■ **Task prompt**: Below this line is the material. Write out only its lines from the one containing "ClubCanineDogs's profile banner image" through the one containing "Photo 3 of Land", both kept, exactly.

■ **Data shown**:
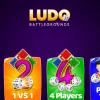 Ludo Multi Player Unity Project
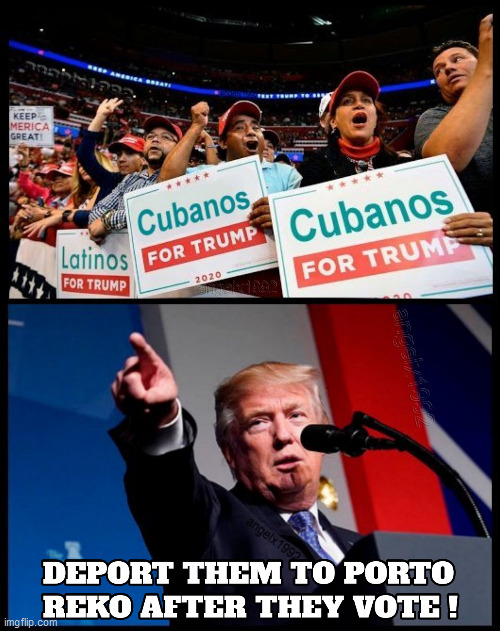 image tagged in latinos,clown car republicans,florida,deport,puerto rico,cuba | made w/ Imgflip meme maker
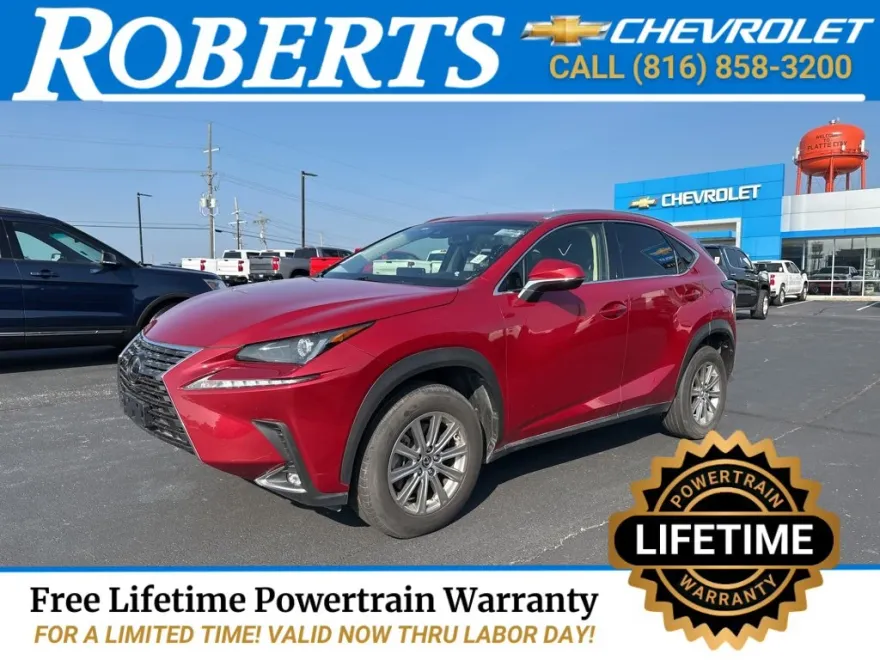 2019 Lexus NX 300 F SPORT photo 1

* * *

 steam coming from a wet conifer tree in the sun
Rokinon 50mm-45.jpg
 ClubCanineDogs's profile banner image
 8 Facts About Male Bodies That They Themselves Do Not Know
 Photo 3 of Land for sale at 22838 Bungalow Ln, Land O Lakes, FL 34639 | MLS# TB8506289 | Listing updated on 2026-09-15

■ **Expected answer**:
 ClubCanineDogs's profile banner image
 8 Facts About Male Bodies That They Themselves Do Not Know
 Photo 3 of Land for sale at 22838 Bungalow Ln, Land O Lakes, FL 34639 | MLS# TB8506289 | Listing updated on 2026-09-15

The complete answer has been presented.